The model summary shows that the default search method is lsh, short for locality-sensitive hashing. In the model creation step, all reference images are assigned to a bucket by passing them through a set of hash functions designed to approximate cosine distance. A query image is then passed through the same hash functions, assigning it to one of the original buckets. The reference images in that bucket are candidate neighbors and are then compared to the query and ranked by computing the exact cosine distance.

The LSH method makes queries very fast, but yields a set of similar items that is approximate, in that some results may not very similar, and some similar items may not be returned. For exact results, the method parameter can be set to brute_force when the model is created. For this example, we stick with locality-sensitive hashing, and find the three most similar items for the first four images in our training set.
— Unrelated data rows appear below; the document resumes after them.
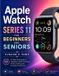 Apple Watch Series 11 for Beginners and Seniors
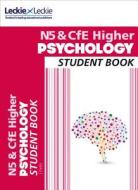 National 5 & CfE Higher Psychology Student Book di Jonathan Firth, Leckie & Leckie edito da HarperCollins Publishers
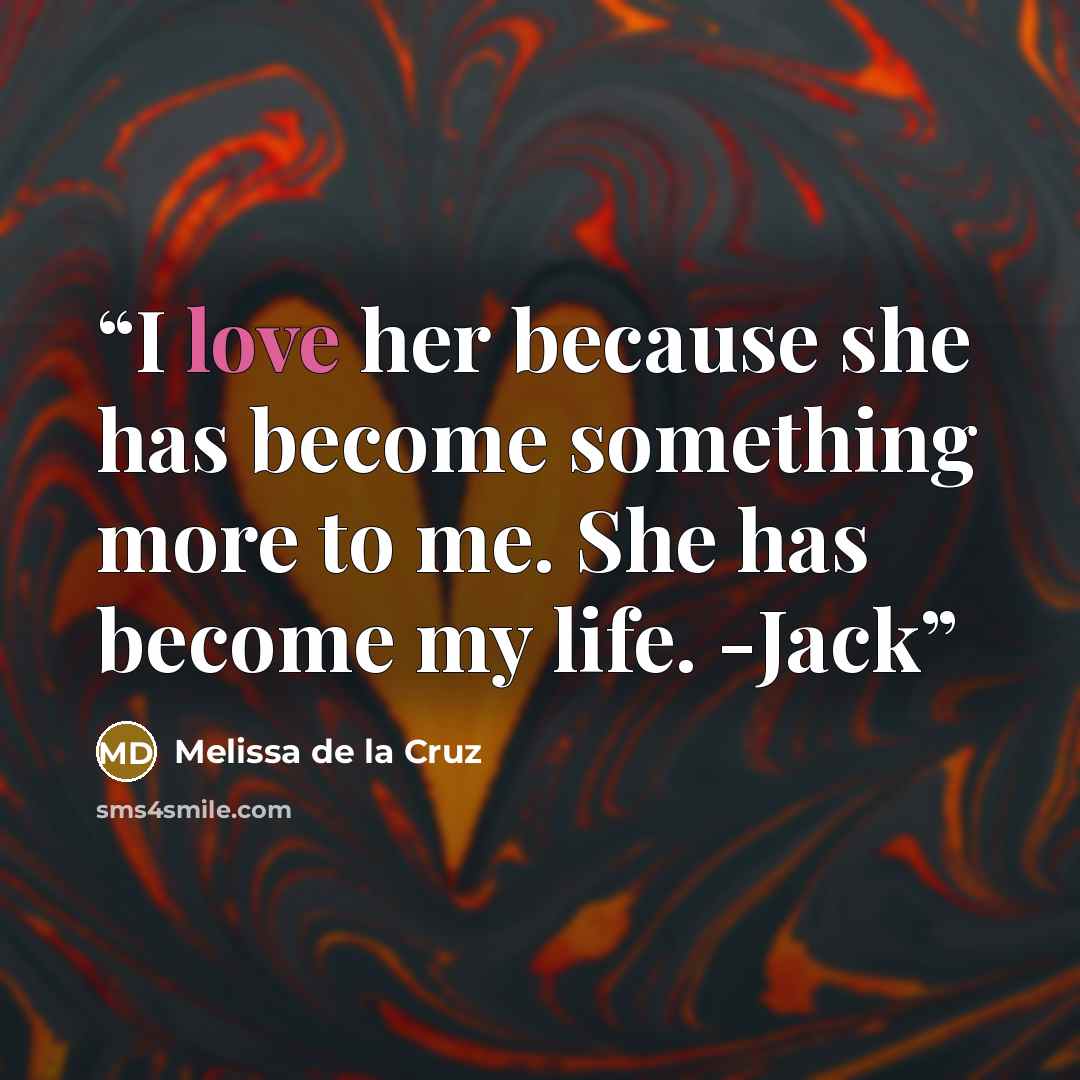 “I love her because she has become something more to me. She has become my life. -Jack” quote by Melissa de la Cruz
sim_items = search_model2.search(mnist[:4], k=3)
sim_items.print_rows(12)
+-------------+-----------------+--------------------+------+
| query_label | reference_label |      distance      | rank |
+-------------+-----------------+--------------------+------+
|      0      |        0        | -2.22044604925e-16 |  1   |
|      0      |       2308      | 6.42280780891e-05  |  2   |
|      0      |       2762      | 0.000111448855981  |  3   |
|      1      |        1        |        0.0         |  1   |
|      1      |       5796      | 0.000101432998189  |  2   |
|      1      |       859       | 0.000116476316971  |  3   |
|      2      |        2        | 1.11022302463e-16  |  1   |
|      2      |       918       |  0.00013260851351  |  2   |
|      2      |       5907      | 0.000174541914201  |  3   |
|      3      |        3        |        0.0         |  1   |
|      3      |       4426      |  0.00010230738112  |  2   |
|      3      |       5344      | 0.000183852540399  |  3   |
+-------------+-----------------+--------------------+------+
[12 rows x 4 columns]

Our first sanity check is that the most similar item to each query is itself - success! To check the rest of the results, we join the original labels and images to the similarity search results.
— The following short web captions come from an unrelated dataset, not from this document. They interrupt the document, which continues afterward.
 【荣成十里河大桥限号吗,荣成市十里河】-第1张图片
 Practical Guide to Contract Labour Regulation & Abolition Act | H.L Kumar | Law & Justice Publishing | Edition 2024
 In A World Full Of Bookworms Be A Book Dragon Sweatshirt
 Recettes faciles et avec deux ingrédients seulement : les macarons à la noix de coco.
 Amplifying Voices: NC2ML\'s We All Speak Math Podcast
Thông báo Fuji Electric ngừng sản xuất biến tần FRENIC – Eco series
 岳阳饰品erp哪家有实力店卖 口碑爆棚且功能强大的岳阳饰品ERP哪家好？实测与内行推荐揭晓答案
mnist = mnist.add_row_number('id')
sim_items = sim_items.join(mnist, on={'reference_label': 'id'}, how='left')
sim_items = sim_items.sort(['query_label', 'reference_label'])
sim_items.print_rows(12, max_row_width=120)
+-------------+-----------------+--------------------+------+-------+----------------------+
| query_label | reference_label |      distance      | rank | label |        image         |
+-------------+-----------------+--------------------+------+-------+----------------------+
|      0      |        0        | -2.22044604925e-16 |  1   |   5   | Height: 28 Width: 28 |
|      0      |       2308      | 6.42280780891e-05  |  2   |   7   | Height: 28 Width: 28 |
|      0      |       2762      | 0.000111448855981  |  3   |   9   | Height: 28 Width: 28 |
|      1      |        1        |        0.0         |  1   |   8   | Height: 28 Width: 28 |
|      1      |       859       | 0.000116476316971  |  3   |   0   | Height: 28 Width: 28 |
|      1      |       5796      | 0.000101432998189  |  2   |   8   | Height: 28 Width: 28 |
|      2      |        2        | 1.11022302463e-16  |  1   |   1   | Height: 28 Width: 28 |
|      2      |       918       |  0.00013260851351  |  2   |   1   | Height: 28 Width: 28 |
|      2      |       5907      | 0.000174541914201  |  3   |   6   | Height: 28 Width: 28 |
|      3      |        3        |        0.0         |  1   |   4   | Height: 28 Width: 28 |
|      3      |       4426      |  0.00010230738112  |  2   |   5   | Height: 28 Width: 28 |
|      3      |       5344      | 0.000183852540399  |  3   |   4   | Height: 28 Width: 28 |
+-------------+-----------------+--------------------+------+-------+----------------------+
[12 rows x 6 columns]

These results appear better than random, but there is substantial room for improvement. The first option is to do similarity search with the brute_force method, but another likely improvement would be a more powerful neural network model for the feature engineering step.